Exercise data:
╔══
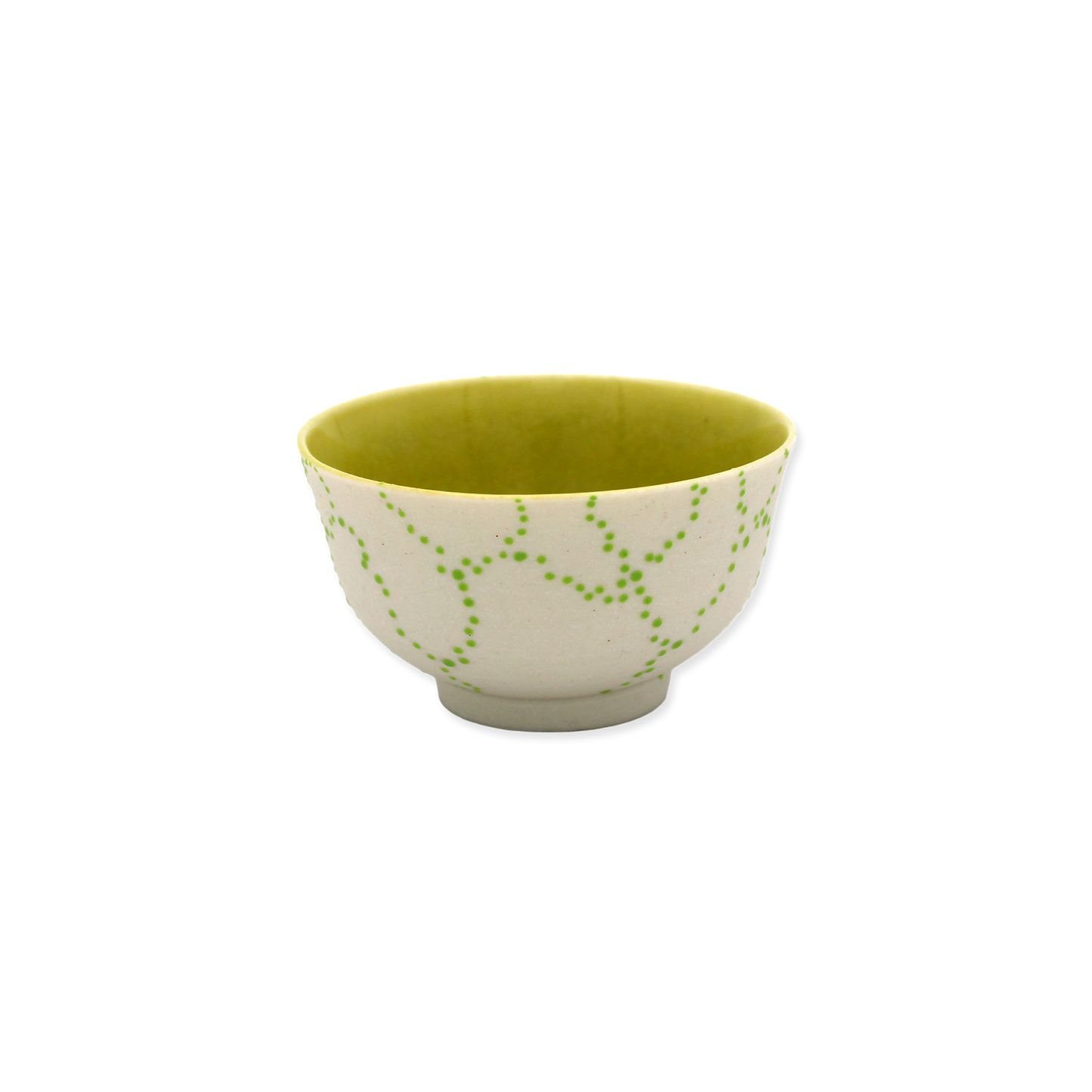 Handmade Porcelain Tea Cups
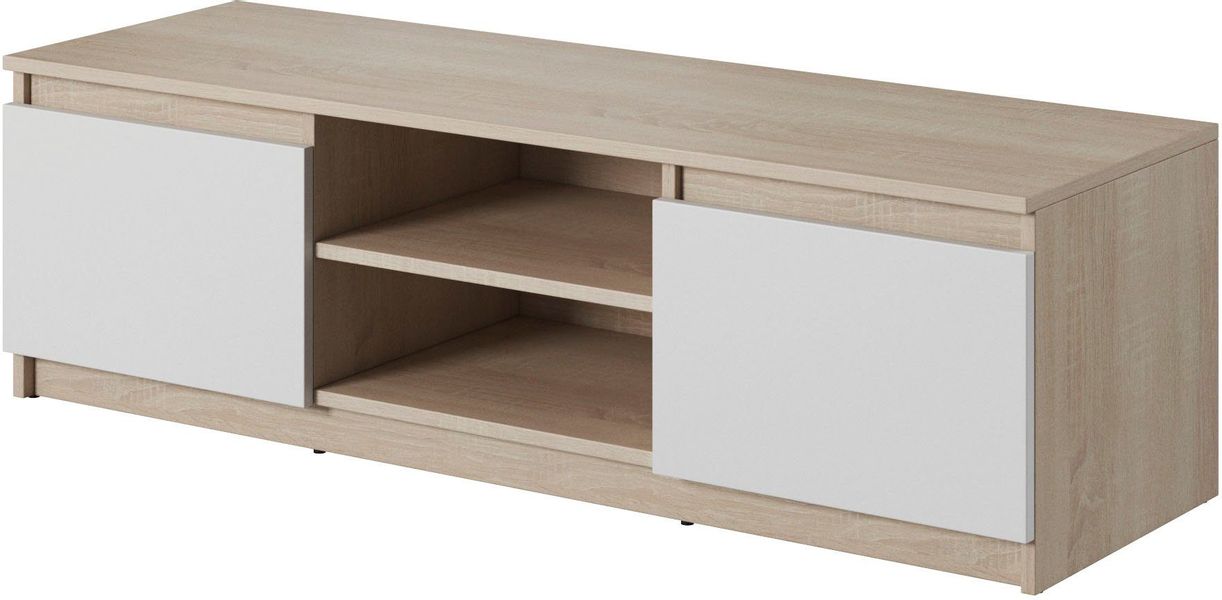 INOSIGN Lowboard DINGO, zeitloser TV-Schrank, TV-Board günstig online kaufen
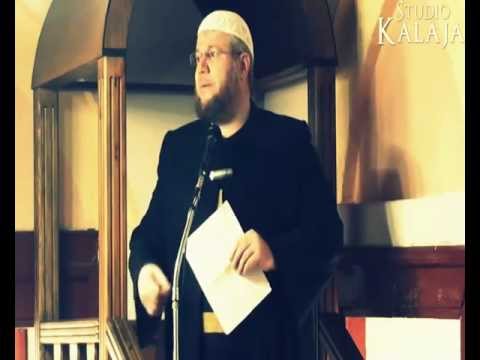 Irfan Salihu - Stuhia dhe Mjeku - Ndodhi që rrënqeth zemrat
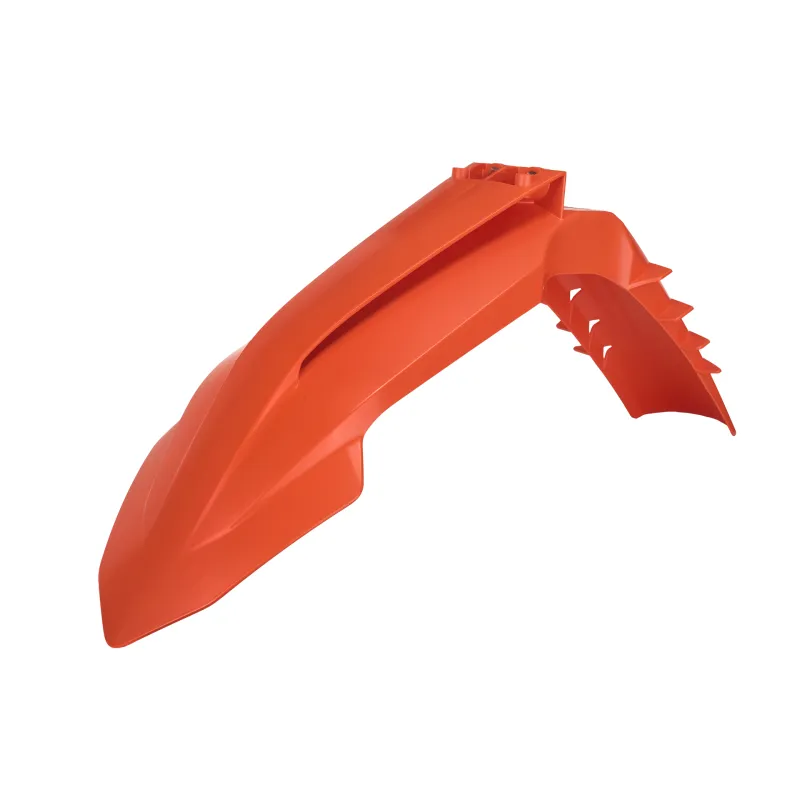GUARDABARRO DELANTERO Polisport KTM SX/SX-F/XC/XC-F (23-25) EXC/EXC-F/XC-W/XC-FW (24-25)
╚══
╔══
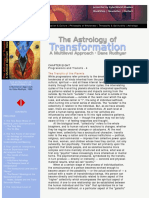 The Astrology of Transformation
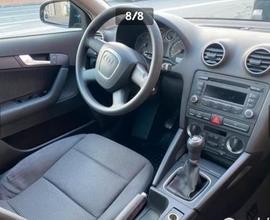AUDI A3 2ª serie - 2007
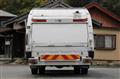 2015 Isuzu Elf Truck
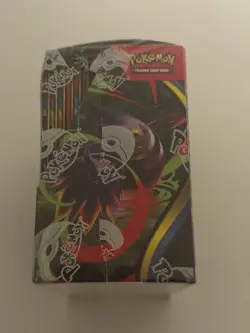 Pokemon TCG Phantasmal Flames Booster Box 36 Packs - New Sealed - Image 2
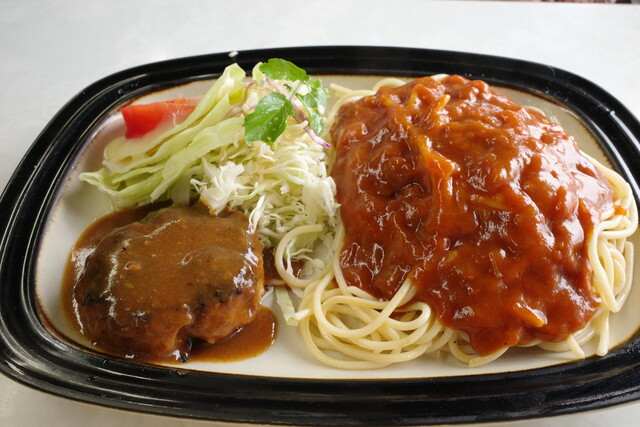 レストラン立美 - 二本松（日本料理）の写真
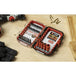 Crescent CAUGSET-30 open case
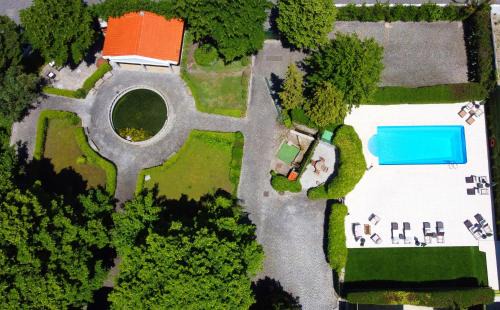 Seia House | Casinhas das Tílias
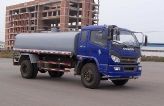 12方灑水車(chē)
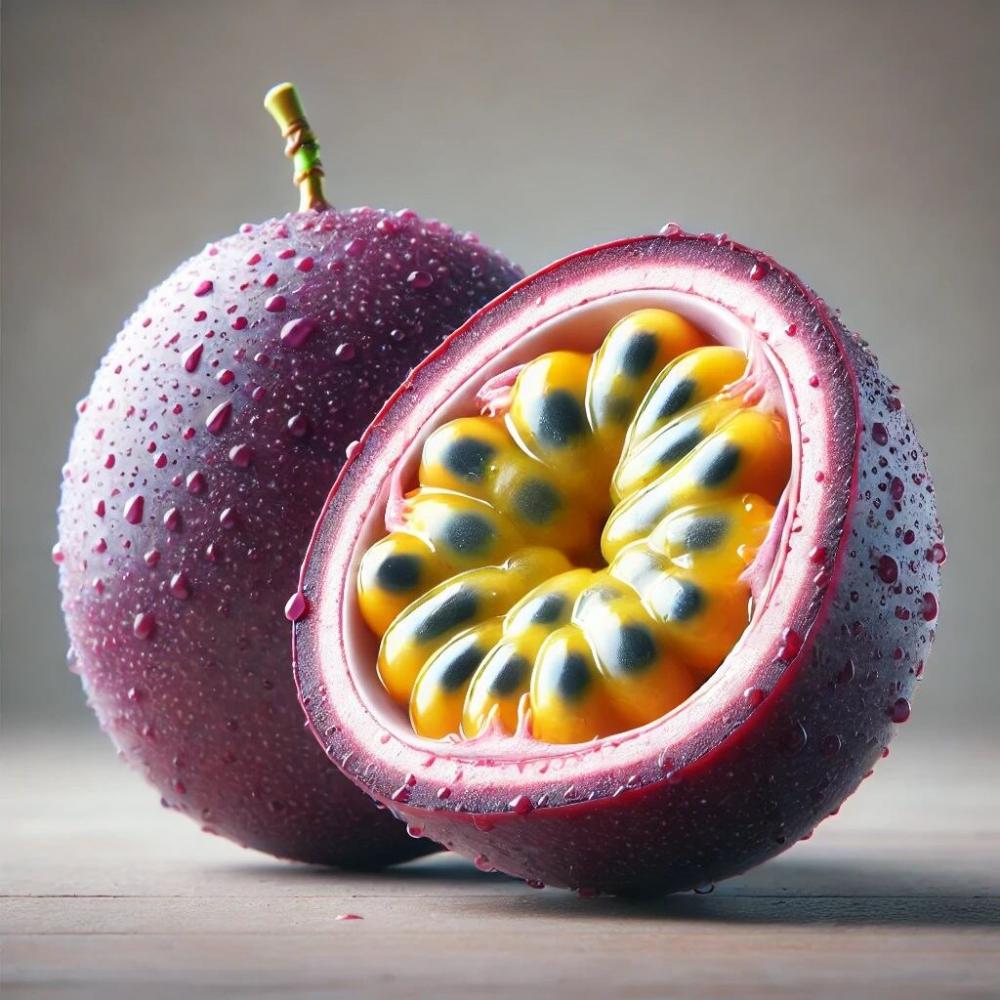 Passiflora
╚══
Problem requirements: Above are the records. Copy word for word only their lines from the one holding "Irfan Salihu - Stuhia" through the one holding "GUARDABARRO DELANTERO Polisport", both included, and skip the images.

Response to this exercise:
 Irfan Salihu - Stuhia dhe Mjeku - Ndodhi që rrënqeth zemrat
GUARDABARRO DELANTERO Polisport KTM SX/SX-F/XC/XC-F (23-25) EXC/EXC-F/XC-W/XC-FW (24-25)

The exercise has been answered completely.